There are way more bad films out there than good ones. It’s a fact of life and one that I can begrudgingly accept and, for the most part, blissfully ignore. If anything, I sometimes see bad films as a positive thing, as it helps me to appreciate the good ones more. I can be quite zen about it all and not let them get me down. That said, I have my limits. I can break. For every generation, throughout the annals of cinema history, there comes a hack so talent-barren and inept, yet so full of their own self-perceived ability, that they warrant my rage. Even worse is when no one else can see it.
Zack Snyder is that hack.
Dart One (60 points):
Dawn of the Dead.
I rarely get upset when my sacred cows are violated by adaptations or remakes. For example, my favourite film of all time is The Wicker Man and yet I can still very much enjoy the Nicolas Cage remake for the superb surrealist comedy that it is. I’ve certainly no beef with remakes per se (c’mon, people – The Thing!) but this is one of the more perplexing in recent memory. It shares little besides the title with Romero’s classic and bears more similarity in tone and content to Return of the Living Dead 2. A totally generic zombie action movie with a few misfired jokes, lots of bad CGI and super-athletic zombies who run like they’re chasing their pay cheques in before anyone notices how rubbish they look. This kind of crap would’ve gone direct-to-video in the 80s when these movies were ten-a-penny but, hot on the heels of the equally bland and derivative 28 Days Later, it somehow managed to get a theatrical release and launch Zack Snyder’s film career. He really should’ve stuck to music videos and car adverts for the good of us all, because next came …
Dart Two (120 points):
I really, really wanted to love this. I generally enjoy Frank Miller, I dig movies that have lots of shoutin’ and killin’ and, let’s face it, the beardy man yelling “THIS IS SPARTA!” in the trailer is awesome, whichever way you slice it. Sadly, those few seconds of top shelf hollering are about all that’s worth watching here and you can get them off YouTube. The rest of the film is a plodding, aesthetically bankrupt affair that has a million computer-generated men with computer-generated six-packs killing each other with computer-generated swords until computer-generated blood sprays across the computer-generated backgrounds. It’s like watching someone else play a Playstation game and not even a very cool one. It looks like ass, the dialogue is abysmal, the plot non-existent and the violence is just staggeringly dull. Add about six hours worth of scenes where CGI Spartans walk slowly from one place to another en masse like some giant armoured tortoise and you’ve got a recipe for one of the most tedious, irredeemable, overrated snoozefests of recent years.Dart Three: (Lightning strikes, splits the dart into six and it scores 360!)Watchmen.

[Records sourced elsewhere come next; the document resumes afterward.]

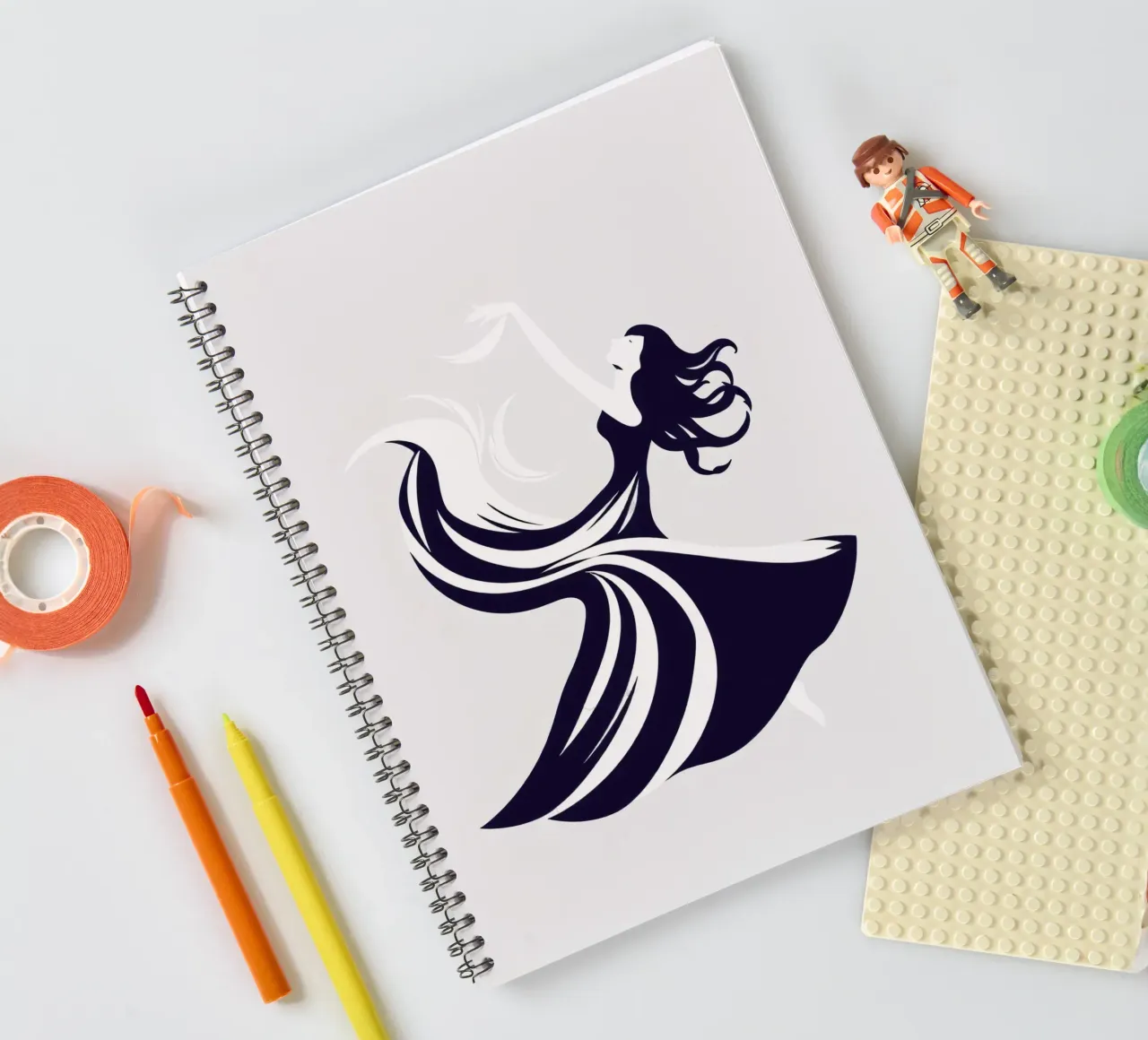 Elegant dancer in flowing dress dancing spiral notebook by DesignDoodle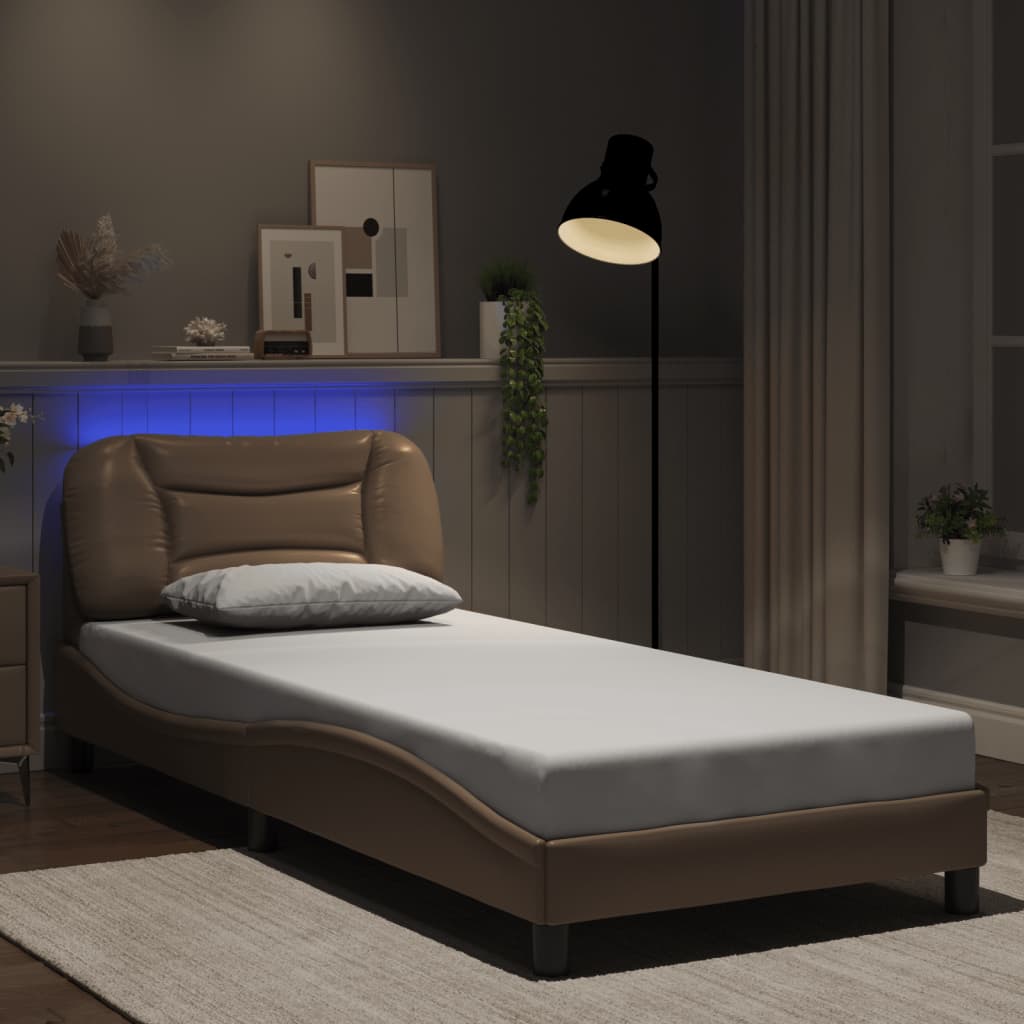 Bedframe met LED zonder matras "Hvar" cappuccino 90x190 cm is nu te koop bij PeponiXL, paradijselijk wonen!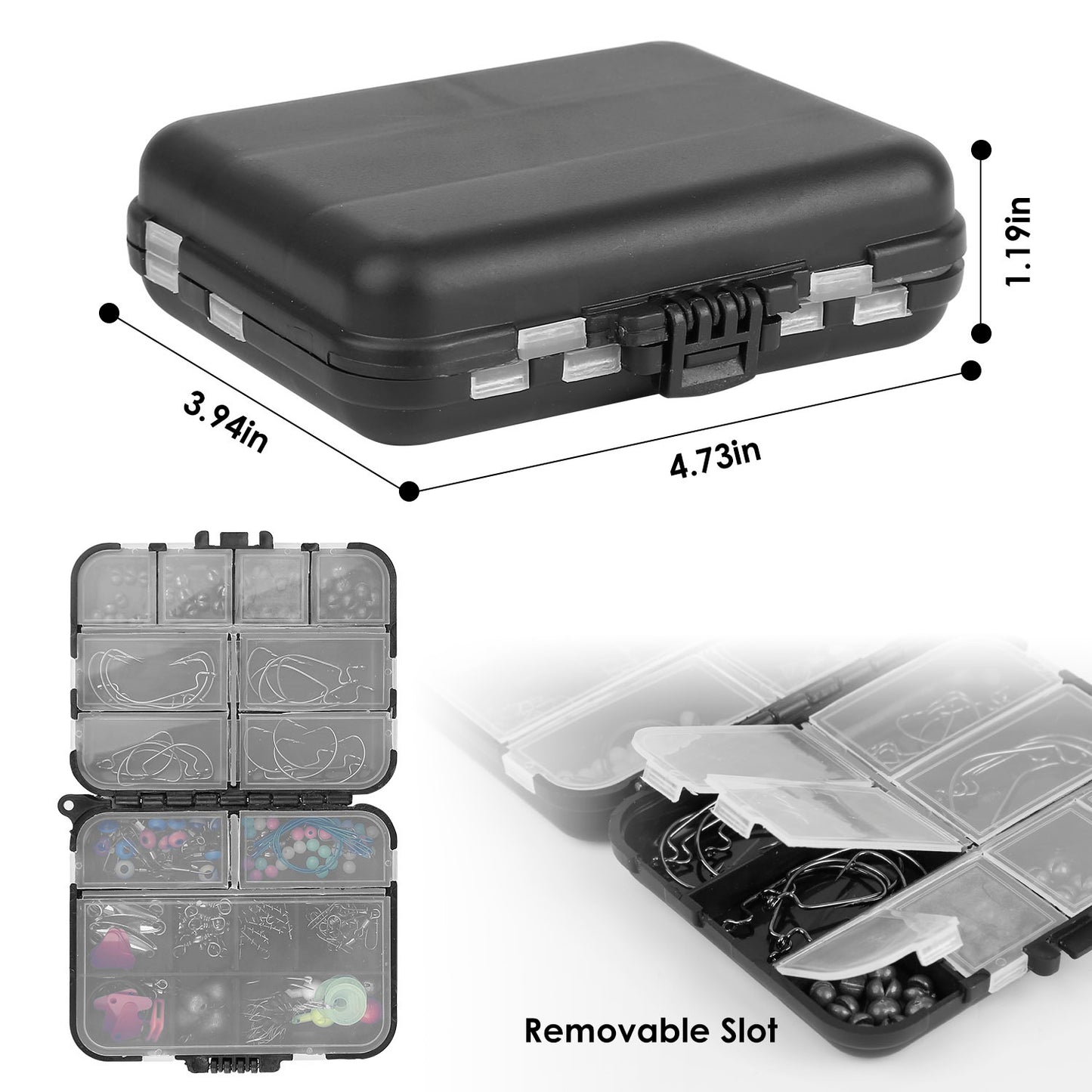 188Pcs Fishing Tackle Kit with Hooks, Lures & Weights – Portable Box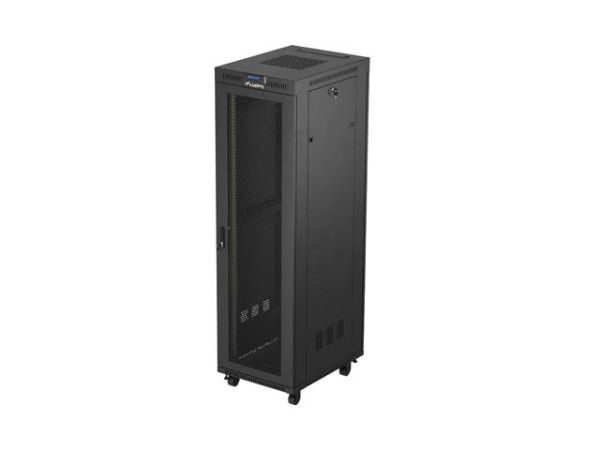 Lanberg FF01-6842-23BL 19" 42U SZÉL:600mm MÉLY:800mm MAG:2127mm lapraszerelt LCD hálós fémajtós fekete álló rack szekrény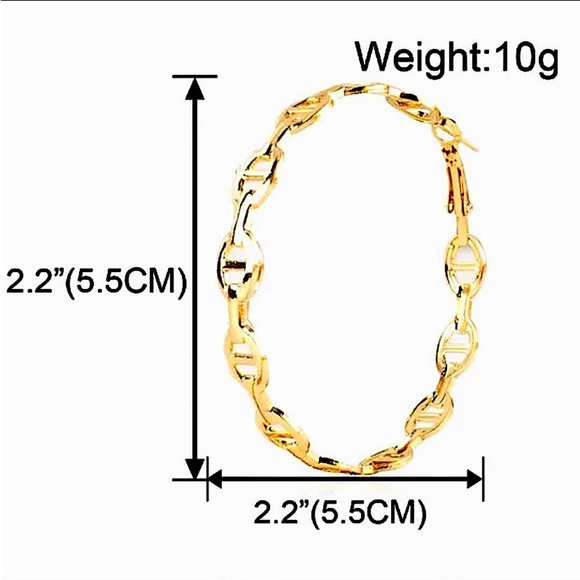 Chain Link Pig Nose Gold Plated Hoop Earrings - Picture 4 of 4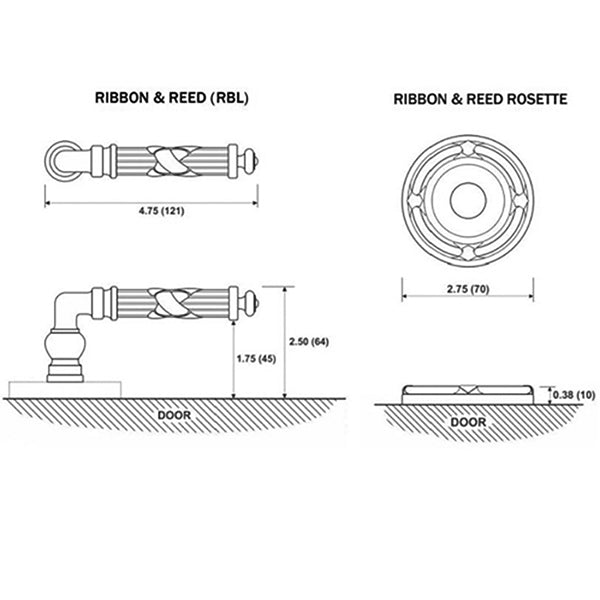 Emtek 8107 Ribbon & Reed Lever Set with Rosette - Left Handed - Oil-Rubbed Bronze - Emtek 8107 Ribbon & Reed Lever Set with Rosette - Left Handed - Oil-Rubbed Bronze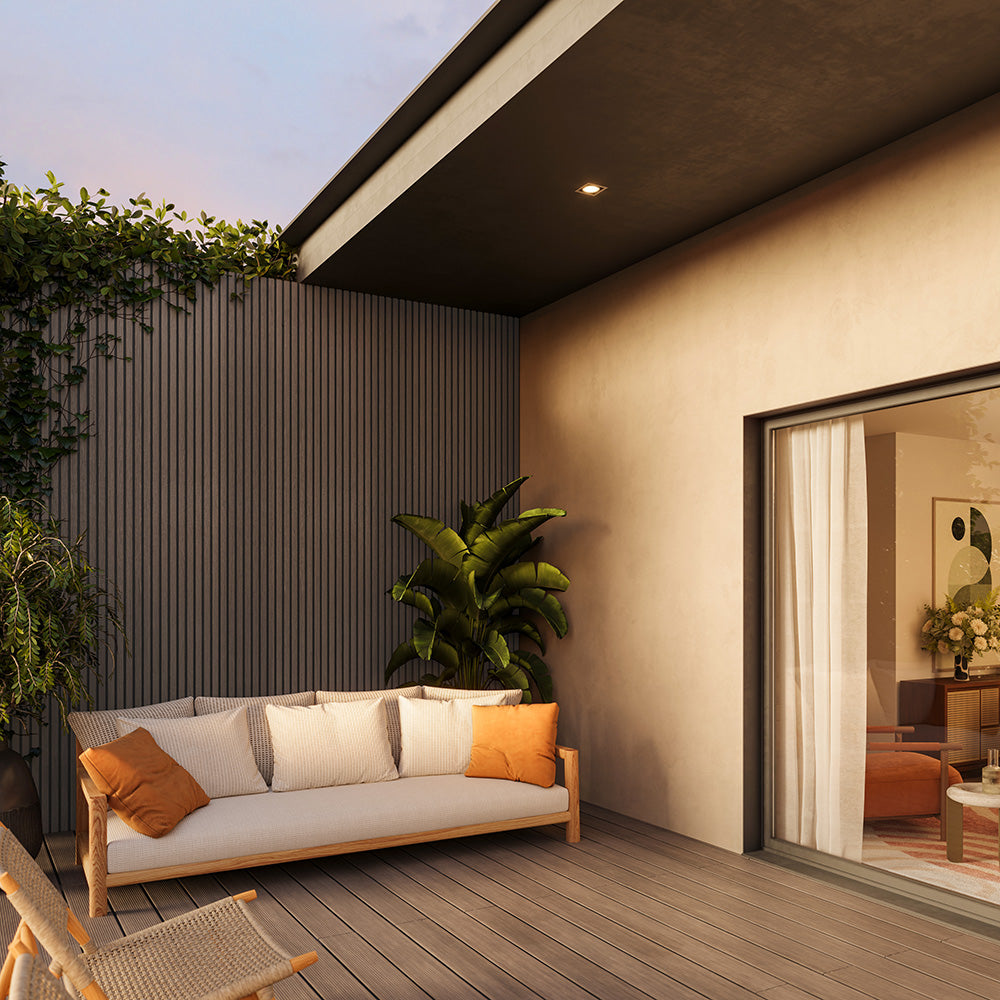 Driftwood – All-Weather Composite Slat Panel System for Outdoor Siding – 4-Strip Panel with 1.5" Slats (Copy)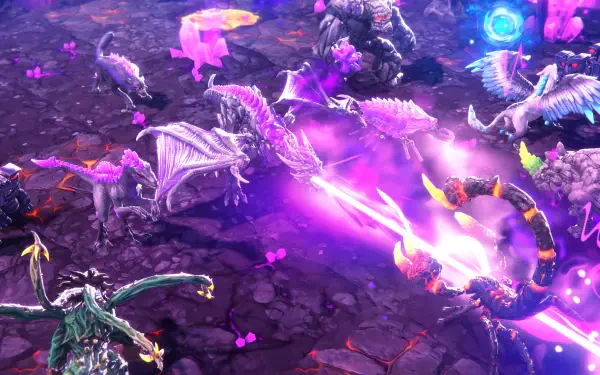 A dynamic scene from the video game Eldrador Creatures: Shadowfall, featuring fantastical creatures battling in a vivid, colorful environment, showcased in 4K Ultra HD wallpaper.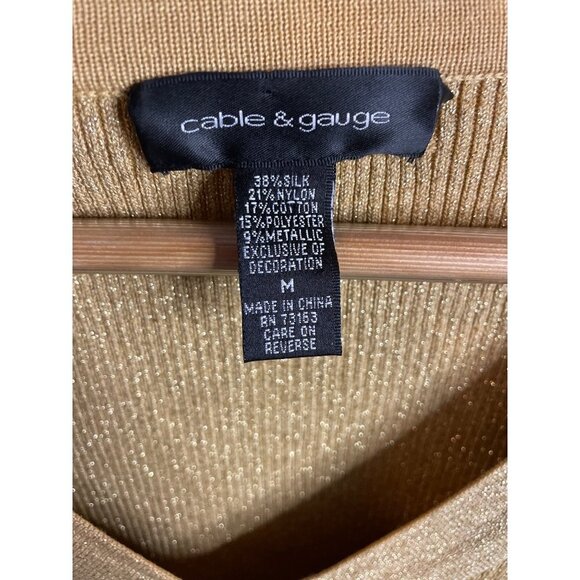 Cable and Gauge Gold Metallic V Neck Faux Wrap Clear Stone Detail Pullover Top - Picture 6 of 10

No. Just no. Of all the people who shouldn’t get their money-greased palms all over the film version of Watchmen, this braying jack-ass would be top of my list. Alan Moore’s masterpiece is possibly the greatest comic book of all time. Whilst a movie of this has been in the works for aeons and it’s never been particularly appealing as a concept, this … this is just an insult. The screenplay’s going to be co-written by the guy who wrote The Scorpion King and it’s directed by Hack Snyder; there’s now zero chance of its even being an interesting failure. I can’t think of a single worse line-up to adapt it. Even if they’d sold to rights to Ron Jeremy to release it as Crotchmen, it would’ve been better than this. It’s just going to be cringeful. It’ll make V For Vendetta‘s ill-fated adaptation look coherent. Come back “eggy in a basket” – all is forgiven. No. Just no.
Please God of Movies, make him stop.